Thank you again for your participation. If you haven't finished yet you can continue where left by opening the link again.

I'm afraid you don't understand the problem with questions 7 and 8: informed answers would require in-depth knowledge, with a lot of critical awareness, of a large number of techniques that are described in hard to find primary sources and commonly misunderstood. So it might make sense to ask what practices one has heard about (and from what sources), or what people say they are doing, but asking what a developer is actually doing is to a large extent ill-defined (e.g. how many untested emergency fixes are enough to void a rigorous testing process? How many late night emergencies can fit in a 40-hours work week?) and it requires weeks of study.

As noted in other comments, there's also the issue of your assumptions; for example release cycles with a definite scale, while in reality there are nested or overlapping long and short cycles (from edit-compile-run to formally discussed tickets and other units of work to public releases and updates to grand rewritings and replacements): different practices apply to each cycle.

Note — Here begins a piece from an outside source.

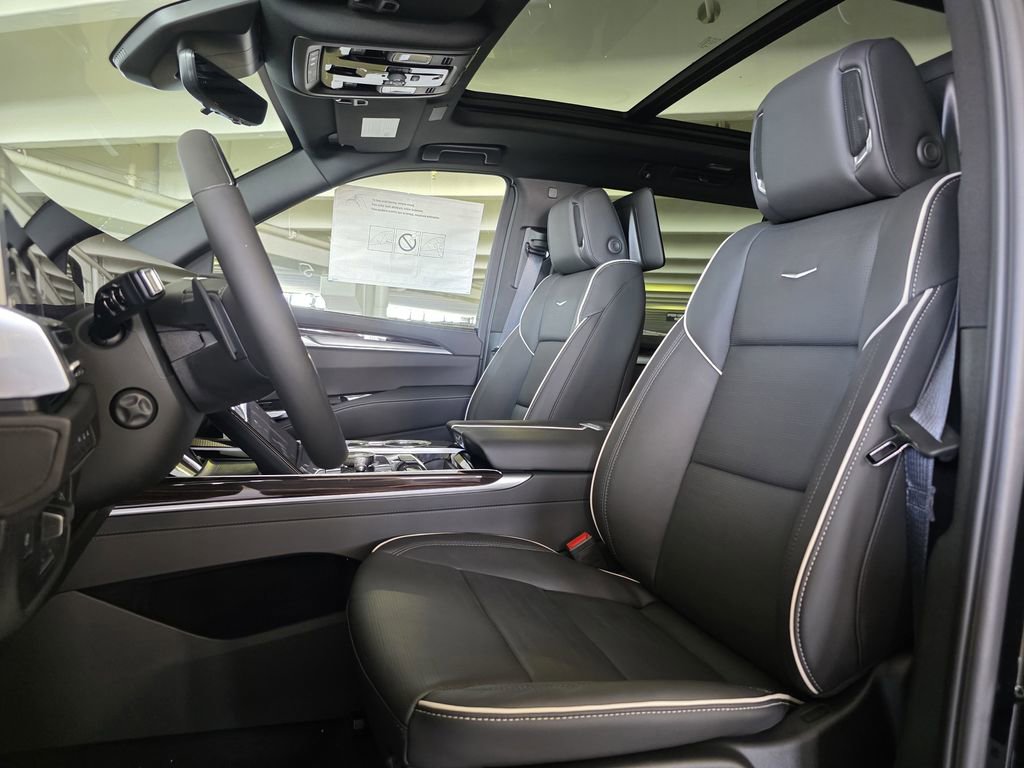 New 2026 Cadillac Escalade ESV Luxury w/ LPO, Radiant Package AWD/4WD image 19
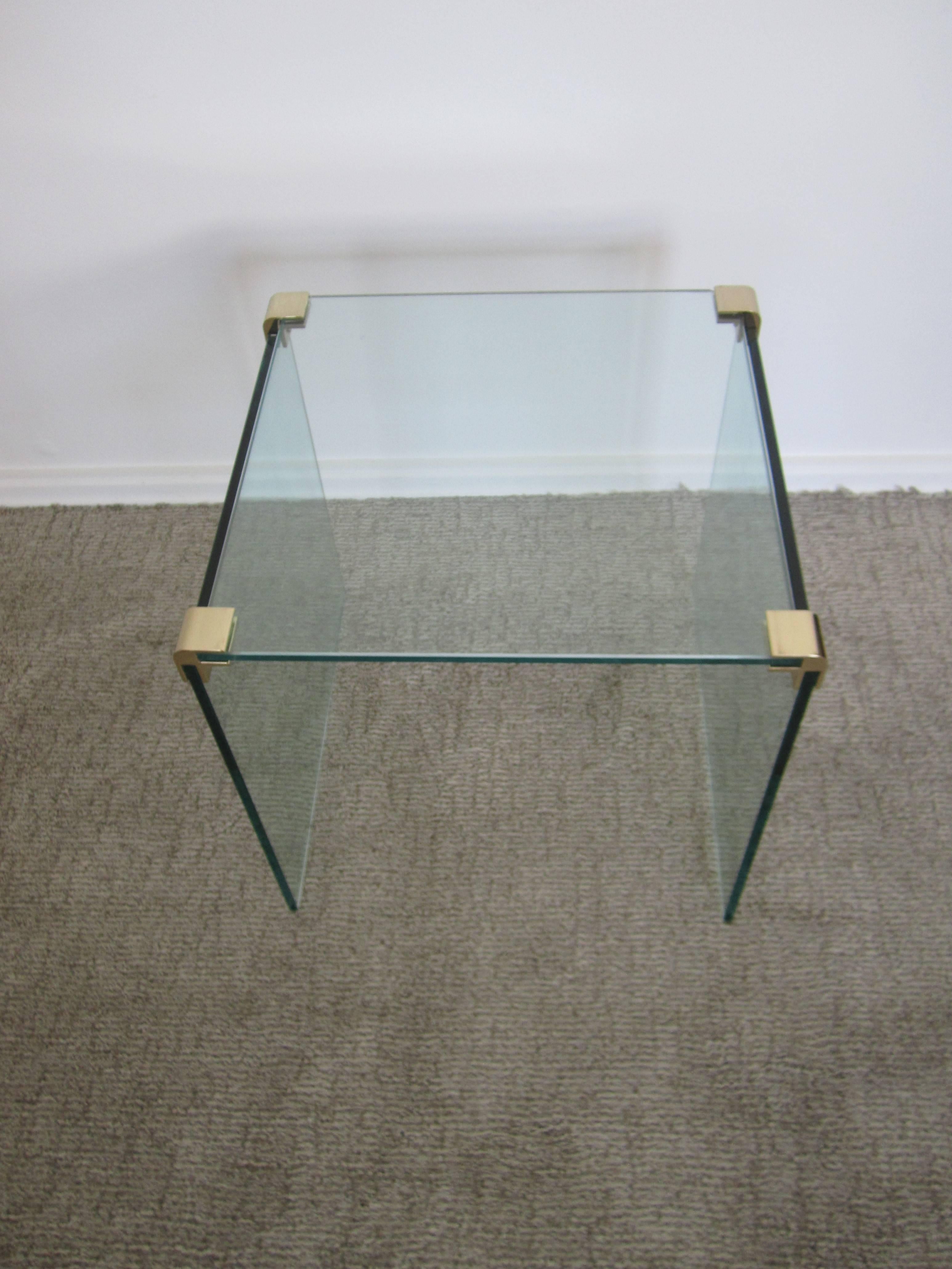 Vintage Modern Brass and Glass End or Side Table After Leon Rosen for Pace In Excellent Condition In New York, NY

Lost me at Which of the following agile method are you using?

TDD is not a method of agile. It has nothing to do with project management or team structure. On a rails/elixir team you TDD as a reflex.

Release cycle is many times a day. On a team of 20 devs, we're releasing to prod about 12 times a day.

The idea of Projects keeps coming up. Often projects are 1 or 2 day features. Customers don't feedback in a day or two long feature.

Then we A/B test the feature, and if it improves the metrics, we move on.

...

Ahh... I see what you did here.

These projects are desk or mobile apps. Clear release cycles and manuals. Web dev's deliver many times a day. There is no major and minor version management in most places. In fact many places have different teams delivering different features on one app at the same time.

"You take the necessary time to document the changes you made to make them traceable, even in crunch time." -> GIT takes care of this, and has been for well over 10 years now. No dev company would go without git or like.

Thank you very much for your participation. We try to cover all aspects of agile software development like "TDD", "short release" etc. as describe in the literature. This is the reasons why the questionnaire is so long. Whether those belongs to agility or not we hope to find out during the analysis.

We assume that CMM tool only provide the technical basis for a good documentation but how well it is used depends on the developer.

Thank you again for your participation!

> We assume that CMM tool only provide the technical basis for a good documentation but how well it is used depends on the developer

This comment exemplifies an important potential source of bias in your future analysis: judging how well practices are applied, which is neither objective, feasible, or relevant. Someone's use of a practice shouldn't be considered more (or less) agile on the basis of their success, and you also lack clear measures of success to begin with.